The Real Heroes of the Global Economy
The real heroes of the world economy – the role models that others should emulate – are countries that have done relatively well while running only small external imbalances. These countries do not garner many headlines, but, without them, the global economy would be even less manageable than it already is.
PRINCETON – Economic policymakers seeking successful models to emulate apparently have an abundance of choices nowadays. Led by China, scores of emerging and developing countries have registered record-high growth rates over recent decades, setting precedents for others to follow. While advanced economies have performed far worse on average, there are notable exceptions, such as Germany and Sweden. “Do as we do,” these countries’ leaders often say, “and you will prosper, too.”
Look more closely, however, and you will discover that these countries’ vaunted growth models cannot possibly be replicated everywhere, because they rely on large external surpluses to stimulate the tradable sector and the rest of the economy. Sweden’s current-account surplus has averaged above a whopping 7% of GDP over the last decade; Germany’s has averaged close to 6% during the same period.

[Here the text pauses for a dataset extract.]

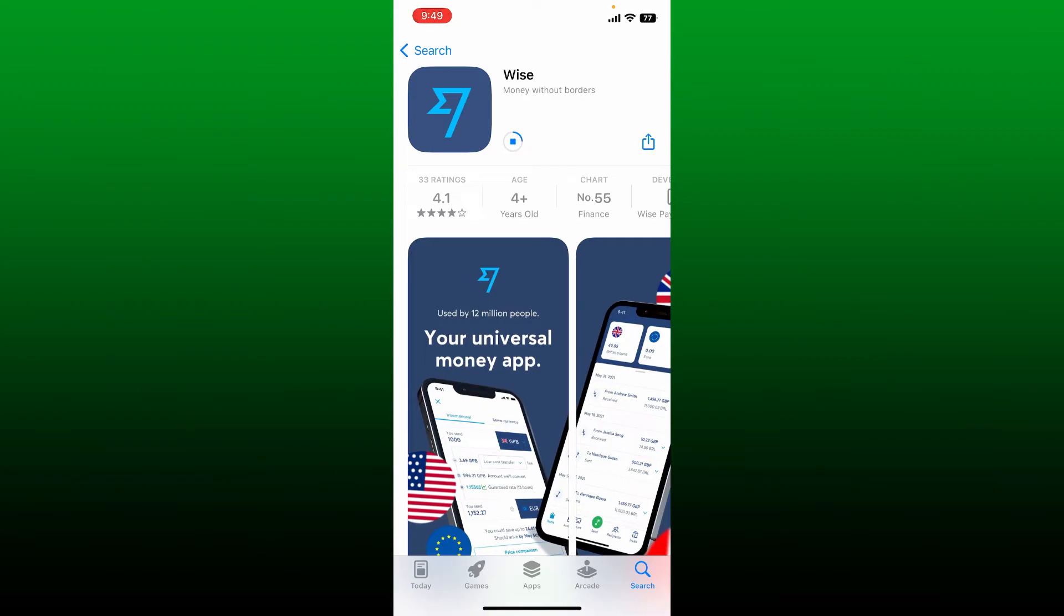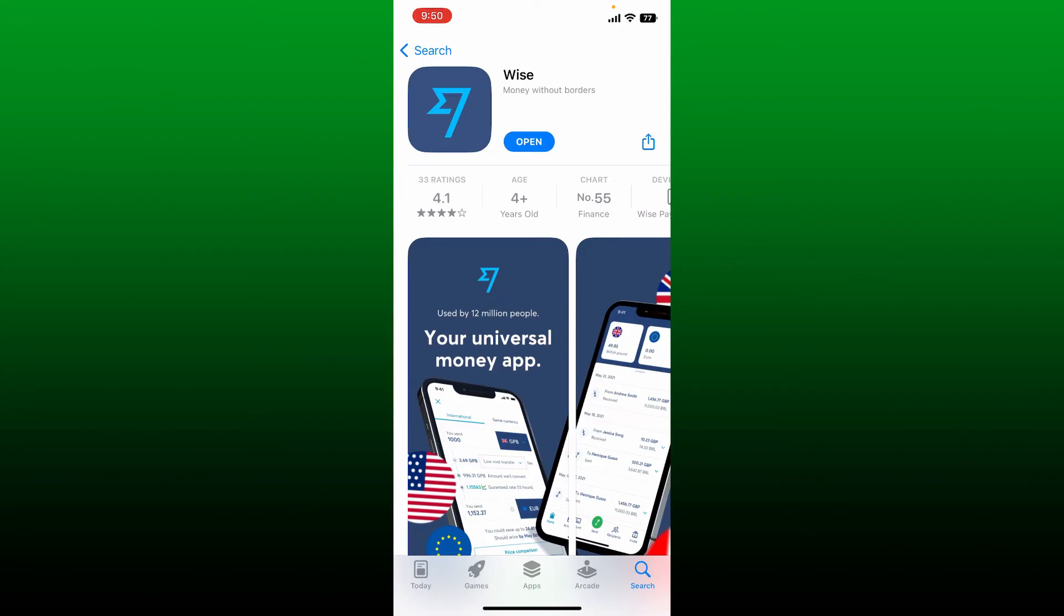Wait until the application gets downloaded, which is a quick process. You can use the Wise mobile application to spend, send, convert, and receive money internationally. Simply go ahead and tap on the open button once you are done with the download.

China’s large external surplus – above 10% of GDP in 2007 – has narrowed significantly in recent years, with the trade imbalance falling to about 2.5% of GDP. As the surplus came down, so did the economy’s growth rate – indeed, almost point for point. To be sure, China’s annual growth remains comparatively high, at above 7%. But growth at this level reflects an unprecedented – and unsustainable – rise in domestic investment to nearly 50% of GDP. When investment returns to normal levels, economic growth will slow further.